The Mudcat Café TM
Thread #82028   Message #2072537
Posted By: Amos
09-Jun-07 - 09:44 PM
Thread Name: BS: Popular views of the Bush Administration
Subject: RE: BS: Popular views of the Bush Administration
Cheney lied about Bush spy program
June 7, 2007 - 6:10am.
Blocked promotion of official who disagreed

(From Capitol Hill Blue's website)

Vice President Dick Cheney (AFP Photo)

Vice President Dick Cheney lied about his involvement in developing President George W. Bush's controversial and illegal program to use the National Security Agency to spy on Americans.

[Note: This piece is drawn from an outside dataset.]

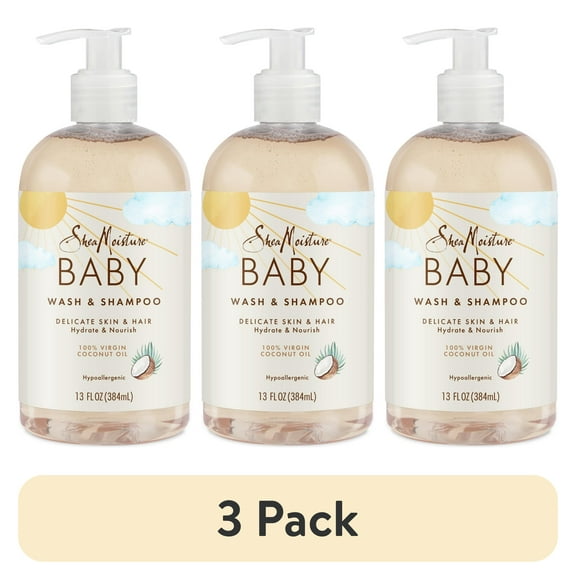(3 pack) SheaMoisture Baby Wash and Shampoo with 100% Virgin Coconut Oil, Sweet Pea & Murumuru, 13 fl oz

New revelations show Cheney was hip deep in developing the policy, often overruling the objections of Justice Department officials and blocking the promotion of one official who disagreed with him on the warrantless wiretapping program.

The same disclosures also show Attorney General Alberto Gonzales lied about his role in trying to get approval of the program from previous Attorney General John Ashcroft.

Writes Dan Eggen of The Washington Post:

Vice President Cheney told Justice Department officials that he disagreed with their objections to a secret surveillance program during a high-level White House meeting in March 2004, a former senior Justice official told senators yesterday.

The meeting came one day before White House officials tried to get approval for the same program from then-Attorney General John D. Ashcroft, who lay recovering from surgery in a hospital, according to former deputy attorney general James B. Comey.

Comey's disclosures, made in response to written questions from the Senate Judiciary Committee, indicate that Cheney and his aides were more closely involved than previously known in a fierce internal battle over the legality of the warrantless surveillance program. The program allowed the National Security Agency to monitor phone calls and e-mails between the United States and overseas.

Comey said that Cheney's office later blocked the promotion of a senior Justice Department lawyer, Patrick Philbin, because of his role in raising concerns about the surveillance.

The disclosures also provide further details about the role played by then-White House counsel Alberto R. Gonzales. He visited Ashcroft in his hospital room and wrote an internal memorandum on the surveillance program shortly afterward, according to Comey's responses. Gonzales is now the attorney general. He faces possible congressional votes of no-confidence because of his handling of the firings of nine U.S. attorneys last year.